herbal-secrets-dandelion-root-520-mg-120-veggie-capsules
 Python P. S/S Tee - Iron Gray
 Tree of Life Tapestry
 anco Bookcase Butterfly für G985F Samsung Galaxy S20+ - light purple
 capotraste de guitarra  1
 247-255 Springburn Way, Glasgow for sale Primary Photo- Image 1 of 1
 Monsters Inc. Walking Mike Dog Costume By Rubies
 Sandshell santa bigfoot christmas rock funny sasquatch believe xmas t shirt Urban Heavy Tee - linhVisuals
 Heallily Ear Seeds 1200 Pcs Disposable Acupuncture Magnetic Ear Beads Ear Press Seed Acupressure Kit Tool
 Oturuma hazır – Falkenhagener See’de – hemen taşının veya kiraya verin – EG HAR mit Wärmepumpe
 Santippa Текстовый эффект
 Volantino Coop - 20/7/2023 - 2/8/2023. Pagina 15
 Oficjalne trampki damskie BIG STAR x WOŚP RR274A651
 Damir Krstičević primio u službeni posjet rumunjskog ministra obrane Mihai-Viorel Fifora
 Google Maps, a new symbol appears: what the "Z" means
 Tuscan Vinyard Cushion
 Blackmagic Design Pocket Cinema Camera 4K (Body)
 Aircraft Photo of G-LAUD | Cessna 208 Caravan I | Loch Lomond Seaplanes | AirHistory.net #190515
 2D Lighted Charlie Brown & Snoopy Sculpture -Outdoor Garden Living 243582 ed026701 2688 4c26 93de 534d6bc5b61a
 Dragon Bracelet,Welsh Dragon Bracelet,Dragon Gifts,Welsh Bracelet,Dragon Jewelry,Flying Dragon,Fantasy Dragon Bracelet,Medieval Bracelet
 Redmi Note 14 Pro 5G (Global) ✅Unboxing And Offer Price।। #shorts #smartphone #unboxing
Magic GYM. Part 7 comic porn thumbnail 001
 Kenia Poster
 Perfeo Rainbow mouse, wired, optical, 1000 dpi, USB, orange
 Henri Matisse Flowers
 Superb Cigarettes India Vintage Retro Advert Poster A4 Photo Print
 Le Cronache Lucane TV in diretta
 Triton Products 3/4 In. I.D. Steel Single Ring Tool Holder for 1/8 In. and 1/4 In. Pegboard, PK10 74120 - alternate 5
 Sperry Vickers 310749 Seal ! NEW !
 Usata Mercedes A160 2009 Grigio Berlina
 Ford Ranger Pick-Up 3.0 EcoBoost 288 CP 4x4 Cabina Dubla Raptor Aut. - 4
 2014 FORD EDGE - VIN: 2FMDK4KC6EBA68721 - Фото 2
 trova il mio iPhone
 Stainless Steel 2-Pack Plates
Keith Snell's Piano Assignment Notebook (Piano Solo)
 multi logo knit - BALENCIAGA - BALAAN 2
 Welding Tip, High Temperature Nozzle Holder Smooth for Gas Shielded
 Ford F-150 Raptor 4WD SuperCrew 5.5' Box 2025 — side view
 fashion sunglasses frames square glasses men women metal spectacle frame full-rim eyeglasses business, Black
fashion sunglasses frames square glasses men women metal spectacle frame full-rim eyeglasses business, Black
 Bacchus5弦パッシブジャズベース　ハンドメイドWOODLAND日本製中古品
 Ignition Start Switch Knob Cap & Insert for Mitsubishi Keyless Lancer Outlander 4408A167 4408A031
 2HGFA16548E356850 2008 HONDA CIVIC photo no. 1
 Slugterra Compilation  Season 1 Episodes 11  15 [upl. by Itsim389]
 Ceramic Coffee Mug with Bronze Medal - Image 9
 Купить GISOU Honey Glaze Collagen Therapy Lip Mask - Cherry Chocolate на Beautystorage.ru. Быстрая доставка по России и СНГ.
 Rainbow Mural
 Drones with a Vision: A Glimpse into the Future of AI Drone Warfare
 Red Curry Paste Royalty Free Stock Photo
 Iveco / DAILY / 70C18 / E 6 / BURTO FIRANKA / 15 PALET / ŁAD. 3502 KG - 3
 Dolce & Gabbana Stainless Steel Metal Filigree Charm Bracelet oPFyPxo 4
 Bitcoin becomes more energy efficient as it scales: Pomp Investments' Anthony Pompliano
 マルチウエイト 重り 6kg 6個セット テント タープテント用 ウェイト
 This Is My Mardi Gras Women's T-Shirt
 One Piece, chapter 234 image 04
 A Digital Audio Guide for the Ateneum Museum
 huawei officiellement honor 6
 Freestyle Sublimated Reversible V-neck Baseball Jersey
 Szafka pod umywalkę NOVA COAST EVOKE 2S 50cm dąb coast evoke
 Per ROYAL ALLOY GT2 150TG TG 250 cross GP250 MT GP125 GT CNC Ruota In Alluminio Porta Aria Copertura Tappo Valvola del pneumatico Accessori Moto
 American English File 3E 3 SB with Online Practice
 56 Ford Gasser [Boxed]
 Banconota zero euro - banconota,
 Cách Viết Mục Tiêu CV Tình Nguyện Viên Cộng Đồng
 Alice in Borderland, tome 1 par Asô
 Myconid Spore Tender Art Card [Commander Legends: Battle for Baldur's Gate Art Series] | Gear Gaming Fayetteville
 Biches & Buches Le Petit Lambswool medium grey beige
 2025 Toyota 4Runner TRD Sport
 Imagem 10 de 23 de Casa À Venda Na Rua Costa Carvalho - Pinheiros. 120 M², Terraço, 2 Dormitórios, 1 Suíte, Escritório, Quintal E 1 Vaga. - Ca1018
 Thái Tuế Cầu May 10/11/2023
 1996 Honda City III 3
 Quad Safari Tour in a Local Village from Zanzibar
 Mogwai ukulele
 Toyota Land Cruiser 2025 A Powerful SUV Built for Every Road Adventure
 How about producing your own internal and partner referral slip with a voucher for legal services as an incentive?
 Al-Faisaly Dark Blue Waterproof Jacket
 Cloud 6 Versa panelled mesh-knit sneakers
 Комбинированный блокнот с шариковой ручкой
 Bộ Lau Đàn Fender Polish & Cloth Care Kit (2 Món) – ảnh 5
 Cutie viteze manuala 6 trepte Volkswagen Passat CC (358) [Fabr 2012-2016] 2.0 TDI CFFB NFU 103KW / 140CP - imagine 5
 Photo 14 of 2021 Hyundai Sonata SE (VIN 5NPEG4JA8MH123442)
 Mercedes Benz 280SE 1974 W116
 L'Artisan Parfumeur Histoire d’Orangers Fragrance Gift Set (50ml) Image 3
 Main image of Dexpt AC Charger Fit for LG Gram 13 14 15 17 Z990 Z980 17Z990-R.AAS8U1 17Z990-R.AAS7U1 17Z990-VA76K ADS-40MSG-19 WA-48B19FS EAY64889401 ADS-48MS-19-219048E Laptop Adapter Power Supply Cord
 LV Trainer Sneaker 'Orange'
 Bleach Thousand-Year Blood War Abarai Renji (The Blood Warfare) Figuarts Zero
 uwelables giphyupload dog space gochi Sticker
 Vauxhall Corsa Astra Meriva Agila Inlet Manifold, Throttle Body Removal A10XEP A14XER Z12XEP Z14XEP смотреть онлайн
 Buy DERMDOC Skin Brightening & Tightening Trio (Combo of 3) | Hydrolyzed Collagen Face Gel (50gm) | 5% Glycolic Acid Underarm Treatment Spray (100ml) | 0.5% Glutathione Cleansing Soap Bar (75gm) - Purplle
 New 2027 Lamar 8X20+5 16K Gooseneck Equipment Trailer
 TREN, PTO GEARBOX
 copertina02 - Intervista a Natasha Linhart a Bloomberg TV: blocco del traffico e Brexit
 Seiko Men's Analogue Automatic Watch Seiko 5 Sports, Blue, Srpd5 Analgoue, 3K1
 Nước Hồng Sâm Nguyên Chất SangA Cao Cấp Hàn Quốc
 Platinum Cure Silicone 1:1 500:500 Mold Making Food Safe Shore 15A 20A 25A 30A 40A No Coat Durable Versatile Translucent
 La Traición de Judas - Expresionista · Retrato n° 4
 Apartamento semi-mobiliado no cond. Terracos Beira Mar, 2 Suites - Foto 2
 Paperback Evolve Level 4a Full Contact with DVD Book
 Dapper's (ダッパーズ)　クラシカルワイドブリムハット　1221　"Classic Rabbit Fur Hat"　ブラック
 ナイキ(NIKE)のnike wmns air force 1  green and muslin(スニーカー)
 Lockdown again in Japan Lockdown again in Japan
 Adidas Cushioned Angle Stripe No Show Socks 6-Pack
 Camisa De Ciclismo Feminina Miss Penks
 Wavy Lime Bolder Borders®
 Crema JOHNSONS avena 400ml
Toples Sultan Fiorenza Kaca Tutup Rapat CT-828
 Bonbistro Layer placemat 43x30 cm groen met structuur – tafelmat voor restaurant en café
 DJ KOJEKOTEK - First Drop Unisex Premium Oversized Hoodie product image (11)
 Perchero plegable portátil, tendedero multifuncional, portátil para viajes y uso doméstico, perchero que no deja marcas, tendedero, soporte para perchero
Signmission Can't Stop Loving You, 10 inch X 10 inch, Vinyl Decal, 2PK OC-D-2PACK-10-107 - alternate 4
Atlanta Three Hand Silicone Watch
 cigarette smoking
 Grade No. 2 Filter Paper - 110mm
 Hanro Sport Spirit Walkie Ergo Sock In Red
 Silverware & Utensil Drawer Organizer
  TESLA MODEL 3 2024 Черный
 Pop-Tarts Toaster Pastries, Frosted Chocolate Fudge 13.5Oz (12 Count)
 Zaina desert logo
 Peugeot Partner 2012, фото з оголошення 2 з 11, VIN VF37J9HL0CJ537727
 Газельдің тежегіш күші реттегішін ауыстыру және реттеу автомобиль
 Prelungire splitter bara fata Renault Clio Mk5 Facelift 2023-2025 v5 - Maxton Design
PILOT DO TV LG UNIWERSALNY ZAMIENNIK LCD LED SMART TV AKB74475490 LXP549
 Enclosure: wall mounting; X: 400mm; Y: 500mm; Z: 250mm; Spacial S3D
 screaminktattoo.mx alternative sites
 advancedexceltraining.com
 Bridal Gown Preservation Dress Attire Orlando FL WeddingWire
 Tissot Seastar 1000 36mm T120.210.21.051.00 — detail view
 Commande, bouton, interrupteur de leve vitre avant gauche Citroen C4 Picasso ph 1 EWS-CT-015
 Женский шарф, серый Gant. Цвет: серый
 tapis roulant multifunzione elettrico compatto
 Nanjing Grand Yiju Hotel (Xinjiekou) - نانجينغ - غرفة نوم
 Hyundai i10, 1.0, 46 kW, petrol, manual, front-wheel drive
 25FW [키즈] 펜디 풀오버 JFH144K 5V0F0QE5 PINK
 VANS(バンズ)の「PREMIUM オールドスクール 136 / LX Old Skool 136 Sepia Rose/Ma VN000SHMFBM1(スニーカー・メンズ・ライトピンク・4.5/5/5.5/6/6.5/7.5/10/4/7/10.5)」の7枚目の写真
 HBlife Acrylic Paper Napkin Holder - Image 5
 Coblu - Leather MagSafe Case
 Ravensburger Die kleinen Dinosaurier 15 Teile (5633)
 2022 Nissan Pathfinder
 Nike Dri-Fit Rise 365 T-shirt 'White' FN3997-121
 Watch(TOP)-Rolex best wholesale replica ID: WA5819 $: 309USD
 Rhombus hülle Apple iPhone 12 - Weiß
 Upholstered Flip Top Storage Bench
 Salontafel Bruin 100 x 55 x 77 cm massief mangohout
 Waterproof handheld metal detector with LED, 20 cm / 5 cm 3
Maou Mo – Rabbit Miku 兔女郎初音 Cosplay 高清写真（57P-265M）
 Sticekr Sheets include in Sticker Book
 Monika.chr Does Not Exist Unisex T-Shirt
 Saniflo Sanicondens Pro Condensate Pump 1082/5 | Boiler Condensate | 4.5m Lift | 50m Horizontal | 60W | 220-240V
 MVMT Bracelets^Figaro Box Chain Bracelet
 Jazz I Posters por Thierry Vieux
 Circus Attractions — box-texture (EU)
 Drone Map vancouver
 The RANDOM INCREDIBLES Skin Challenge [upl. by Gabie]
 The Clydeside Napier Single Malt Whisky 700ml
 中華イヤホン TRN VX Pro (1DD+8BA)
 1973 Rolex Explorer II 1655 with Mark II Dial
--
Retrieve every line above holding the word "frame".

TASK RESULT:
 fashion sunglasses frames square glasses men women metal spectacle frame full-rim eyeglasses business, Black
fashion sunglasses frames square glasses men women metal spectacle frame full-rim eyeglasses business, Black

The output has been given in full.